DATA EXTRACTS |
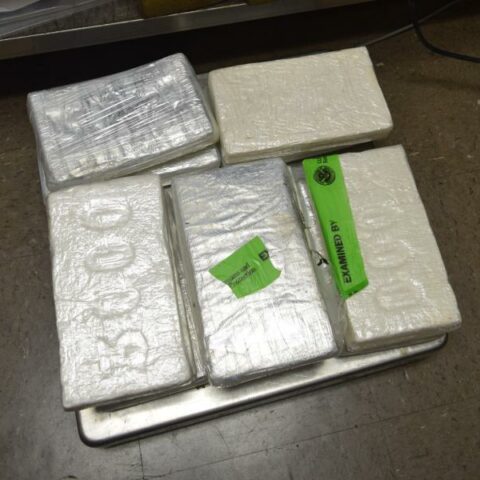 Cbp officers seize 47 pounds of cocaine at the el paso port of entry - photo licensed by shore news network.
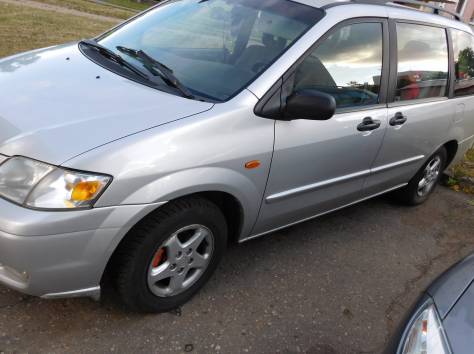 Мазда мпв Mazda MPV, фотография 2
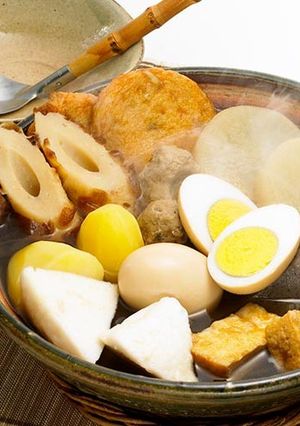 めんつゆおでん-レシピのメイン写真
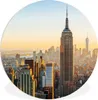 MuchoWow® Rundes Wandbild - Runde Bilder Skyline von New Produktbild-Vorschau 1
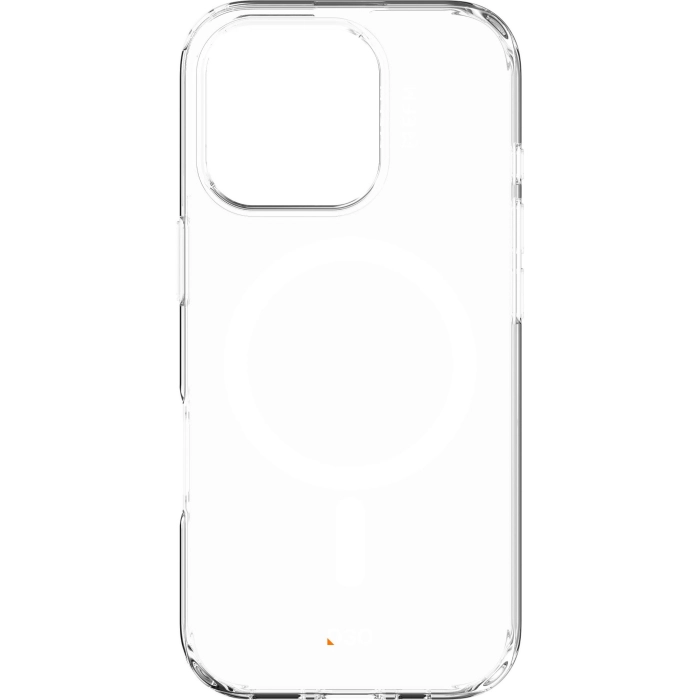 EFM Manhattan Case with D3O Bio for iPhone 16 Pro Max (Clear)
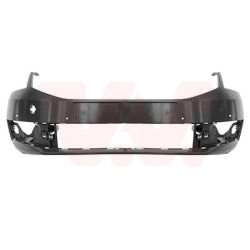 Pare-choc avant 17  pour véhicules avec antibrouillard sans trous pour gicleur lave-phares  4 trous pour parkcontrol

WORK REQUEST | Could you return all of the entries above exactly, without any images?

ANSWER TO THIS TASK |
 Cbp officers seize 47 pounds of cocaine at the el paso port of entry - photo licensed by shore news network.
 Мазда мпв Mazda MPV, фотография 2
 めんつゆおでん-レシピのメイン写真
 MuchoWow® Rundes Wandbild - Runde Bilder Skyline von New Produktbild-Vorschau 1
 EFM Manhattan Case with D3O Bio for iPhone 16 Pro Max (Clear)
 Pare-choc avant 17  pour véhicules avec antibrouillard sans trous pour gicleur lave-phares  4 trous pour parkcontrol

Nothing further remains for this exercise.